Misfits: Series 3.2
When I prepared to watch Misfits last night, without a lot in the way of hope for it given the trailer, I have to say that I wasn’t filled with joy at spending the next hour in the company of Super-Skins. However, in a turn up for the books, not only was this a rude, irreverent and amusing episode, it also featured some actual character development! We haven’t seen this since the first series, as the writers just pushed the Asbo five around having their various characters serve the plot, and behave in only such a way that the narrative demanded for the last 8 episodes.
This time around though, someone, somewhere, put some thought into one of the original 5 and managed to actually write a convincing (albeit smutty) character change for him.
This is a Curtis episode. This is not usually a very exciting prospect, as Curtis is far and away the most punchable of the 4 long term members. He’s an annoying, stupid, mopy sack of cocks that blew a promising athletic career for the most shallow of reasons. His entire purpose up until now was to call Nathan a prick and struggle with his power. However, it turns out that there’s a reason that he’s been such a grumpy guts: he lived to be a professional athlete and obviously being a convicted dealer has fucked that for him completely.
Alright, that’s a bit simplistic, but you can see where they’re going with it.

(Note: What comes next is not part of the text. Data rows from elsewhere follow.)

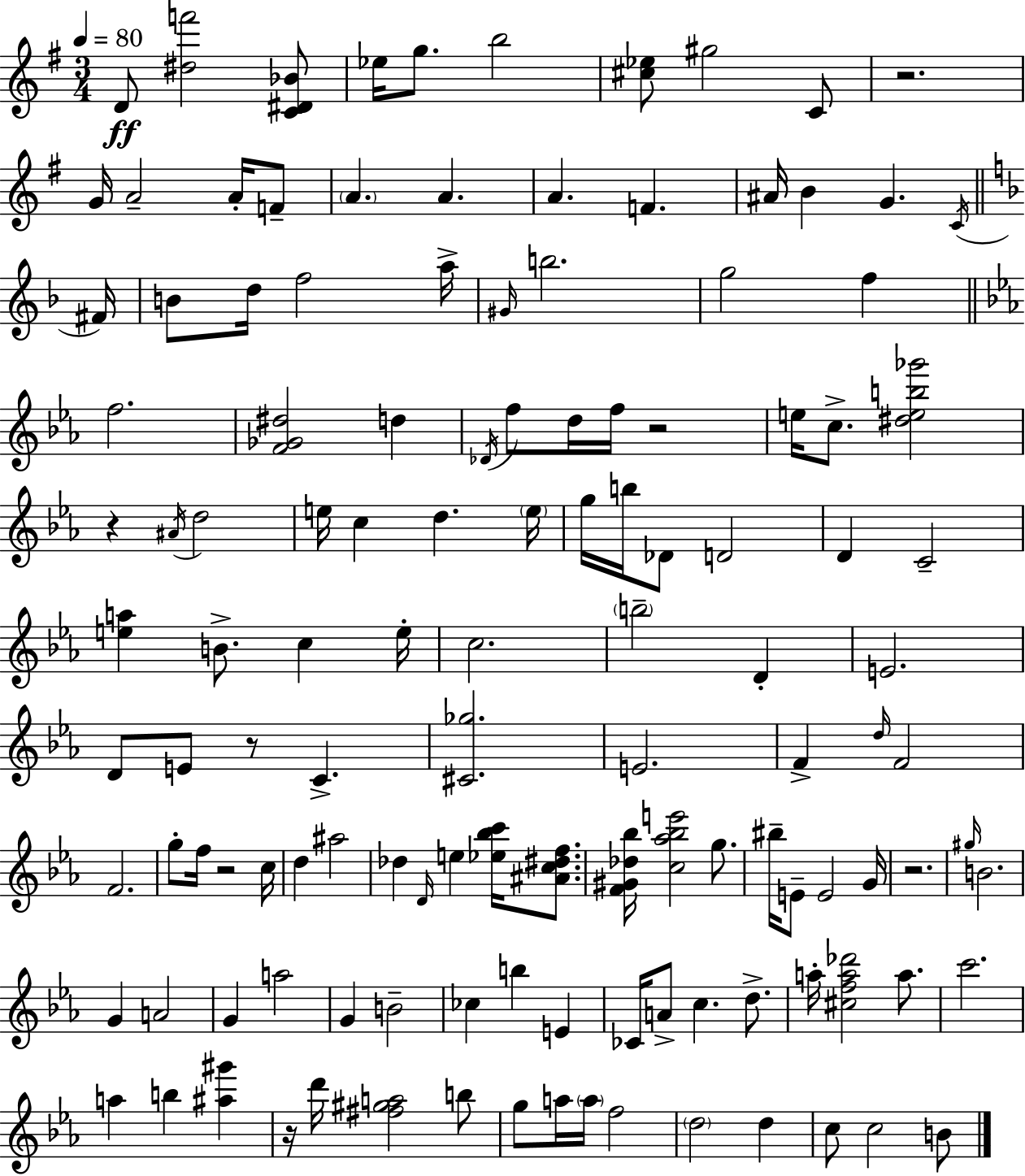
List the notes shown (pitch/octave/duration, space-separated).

D4/e [D#5,F6]/h [C4,D#4,Bb4]/e Eb5/s G5/e. B5/h [C#5,Eb5]/e G#5/h C4/e R/h. G4/s A4/h A4/s F4/e A4/q. A4/q. A4/q. F4/q. A#4/s B4/q G4/q. C4/s F#4/s B4/e D5/s F5/h A5/s G#4/s B5/h. G5/h F5/q F5/h. [F4,Gb4,D#5]/h D5/q Db4/s F5/e D5/s F5/s R/h E5/s C5/e. [D#5,E5,B5,Gb6]/h R/q A#4/s D5/h E5/s C5/q D5/q. E5/s G5/s B5/s Db4/e D4/h D4/q C4/h [E5,A5]/q B4/e. C5/q E5/s C5/h. B5/h D4/q E4/h. D4/e E4/e R/e C4/q. [C#4,Gb5]/h. E4/h. F4/q D5/s F4/h F4/h. G5/e F5/s R/h C5/s D5/q A#5/h Db5/q D4/s E5/q [Eb5,Bb5,C6]/s [A#4,C5,D#5,F5]/e. [F4,G#4,Db5,Bb5]/s [C5,Ab5,Bb5,E6]/h G5/e. BIS5/s E4/e E4/h G4/s R/h. G#5/s B4/h. G4/q A4/h G4/q A5/h G4/q B4/h CES5/q B5/q E4/q CES4/s A4/e C5/q. D5/e. A5/s [C#5,F5,A5,Db6]/h A5/e. C6/h. A5/q B5/q [A#5,G#6]/q R/s D6/s [F#5,G#5,A5]/h B5/e G5/e A5/s A5/s F5/h D5/h D5/q C5/e C5/h B4/e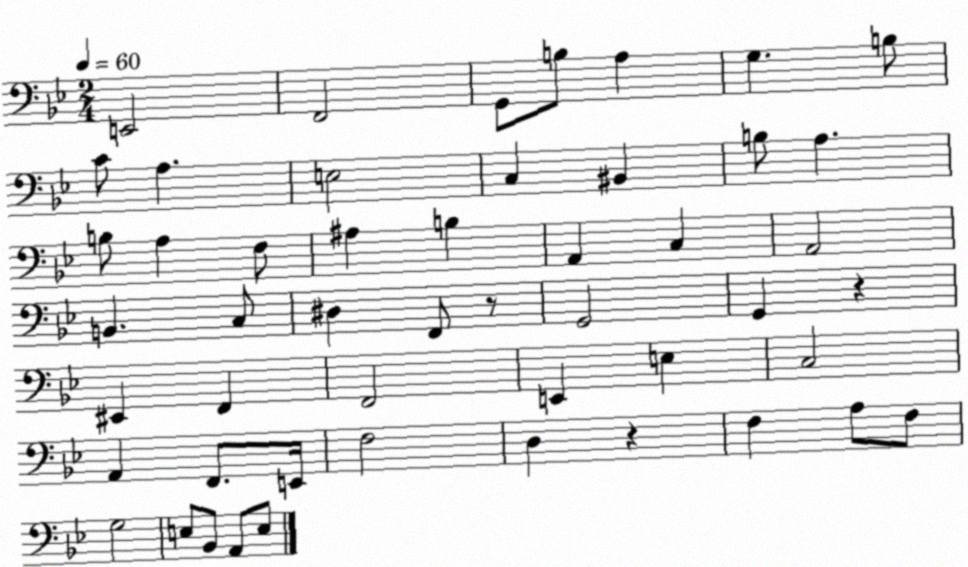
X:1
T:Untitled
M:2/4
L:1/4
K:Bb
E,,2 F,,2 G,,/2 B,/2 A, G, B,/2 C/2 A, E,2 C, ^B,, B,/2 A, B,/2 A, F,/2 ^A, B, A,, C, A,,2 B,, C,/2 ^D, F,,/2 z/2 G,,2 G,, z ^E,, F,, F,,2 E,, E, C,2 A,, F,,/2 E,,/4 F,2 D, z F, A,/2 F,/2 G,2 E,/2 _B,,/2 A,,/2 E,/2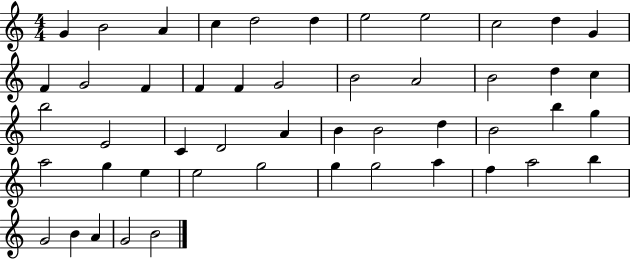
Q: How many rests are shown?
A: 0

This episode opens with Curtis (Nathan Stewart-Jarrett) coming to terms with his power: he’s got the ability to transform, complete with accurate genitalia, into a woman. Early on in this episode he hooks up with piece of posh filth Emma. He’s on cloud 9, thinking he’s got a new girlfriend etc. However, one day, while training as Mel (Kehinde Fadipe, who looks uncannily like NSJ)-by the way this confirms it: Curtis now has the power of Caster Semanya (hehehehehehe)- he bumps into Emma and they talk about “Curtis” and his dismal and embarrassing performance in the sack, comes complete with her Point of View shots of the event. Apparently, he’s fucking hopeless, and a self-absorbed misery guts as well. To be fair, I could have told them the latter a long time ago. So, a suitably chastened Curtis knuckles down and takes his training as Mel far more seriously. (S)he makes friends with Emma, and eventually, the two become lovers. Cue a series of disasters involving a sleazy coach + Rohypnol, and all hell breaks loose.

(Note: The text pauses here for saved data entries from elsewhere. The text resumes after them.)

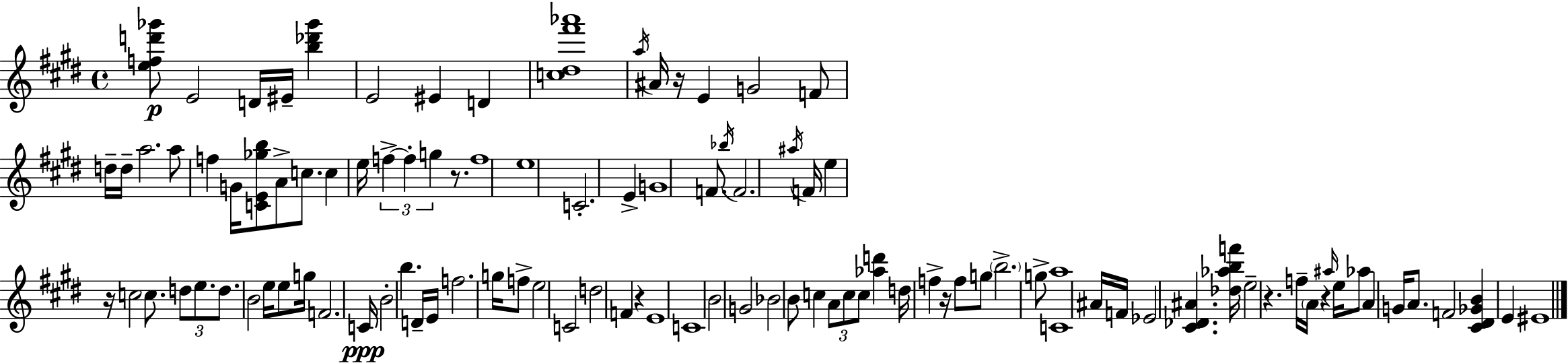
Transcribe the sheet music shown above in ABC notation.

X:1
T:Untitled
M:4/4
L:1/4
K:E
[efd'_g']/2 E2 D/4 ^E/4 [b_d'_g'] E2 ^E D [c^d^f'_a']4 a/4 ^A/4 z/4 E G2 F/2 d/4 d/4 a2 a/2 f G/4 [CE_gb]/2 A/2 c/2 c e/4 f f g z/2 f4 e4 C2 E G4 F/2 _b/4 F2 ^a/4 F/4 e z/4 c2 c/2 d/2 e/2 d/2 B2 e/4 e/2 g/4 F2 C/4 B2 b D/4 E/4 f2 g/4 f/2 e2 C2 d2 F z E4 C4 B2 G2 _B2 B/2 c A/2 c/2 c/2 [_ad'] d/4 f z/4 f/2 g/2 b2 g/2 [Ca]4 ^A/4 F/4 _E2 [^C_D^A] [_d_abf']/4 e2 z f/4 A/4 z ^a/4 e/4 _a/2 A G/4 A/2 F2 [^C^D_GB] E ^E4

Firstly, this was the best writing since the first series. Curtis actually, for legitimate and properly thought out reasons, developed as a character. Admittedly, they were retreading Nathan’s misogyny storyline from the first series, but that was the single best episode that I’ve seen so far. The attempted dead horsing of Mel by the sweaty pervert was squirm inducing, but genuinely funny, and Mel’s explosion at all the blokes for being sexist, boob obsessed pigs was worth the price of admission by itself. The eventual denouement was also highly, highly satisfying and all in all, this was a well thought out episode.

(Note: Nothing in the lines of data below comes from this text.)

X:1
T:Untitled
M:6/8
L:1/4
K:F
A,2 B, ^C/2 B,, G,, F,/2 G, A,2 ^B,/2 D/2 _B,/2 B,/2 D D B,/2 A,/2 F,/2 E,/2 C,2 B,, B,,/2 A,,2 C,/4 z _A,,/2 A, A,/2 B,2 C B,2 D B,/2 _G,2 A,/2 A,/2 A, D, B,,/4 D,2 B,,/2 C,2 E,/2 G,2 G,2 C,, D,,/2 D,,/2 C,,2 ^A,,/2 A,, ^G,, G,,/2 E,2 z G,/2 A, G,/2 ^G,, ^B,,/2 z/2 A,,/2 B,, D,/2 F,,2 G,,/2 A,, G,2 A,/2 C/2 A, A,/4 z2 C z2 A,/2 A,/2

One facet of the writing that Misfits has struggled with recently was how to use the super-confident rude one. Sheehan did a good job but each episode came to be obsessed with his crudeness. Rudy (Joe Gilgun) is clearly the Nathan substitute, but not only is Gilgun a better actor than Sheehan, he’s also used in a far more clever way. Instead of each episode being a series of cock-gags, Rudy pops up occasionally, says something disgusting (“as brutal as fisting a lamb” was a great line) or does something gross to induce the horror of everyone else. He then buggers off to peals of laughter, but the joke is always on him. To be fair to Rudy, he knows this, and is brazenly unrepentant about his behaviour. This time around, for example, the pube stuck in throat gag was genuinely funny, and listening to Gilgun clown it up focusing the laughter at him while revelling in it was a treat.
Complaints time: there was absolutely no point Antonia Thomas, Iwan Rheon or Lauren Socha being in this episode, and it did reduce them to cameo status. This is meant to be a team dynamic, and I would prefer it stayed that way, rather than Socha following the power-dealer around (although I do appreciate the effort to improve her power). I suppose this is an attempt to build the overall series arc, but it came away as extraneous. Socha, actually, was on quite good form here, but my Christ she’s put on weight over the last few years. Thomas and Rheon on the other hand, only existed to inform Curtis/ Mel of things He/She needed to know for the next section of the plot- although Rudy’s face when finding out where the pube came from was probably worth Simon’s presence in the episode. Finally, I’m not looking forward to the next episode, which looks like a horrible extended soap opera. Mind you, this one did too.
Overall, this was the best episode since the first series. I’m going to give it 3 Superhoodies out of 4, because this was genuinely laugh out loud funny on occasion, and reminded me enough of why I watch this series to keep me going over the inevitable soap-opera drivel of Simon and Alicia next week. Nevertheless, it wasn’t perfect, and I still get the feeling that there is literally no point to this being a super power series. However, if they can keep this standard of comedy up, then they might just get away with it. I am really looking forward to the Kelly episode when it comes.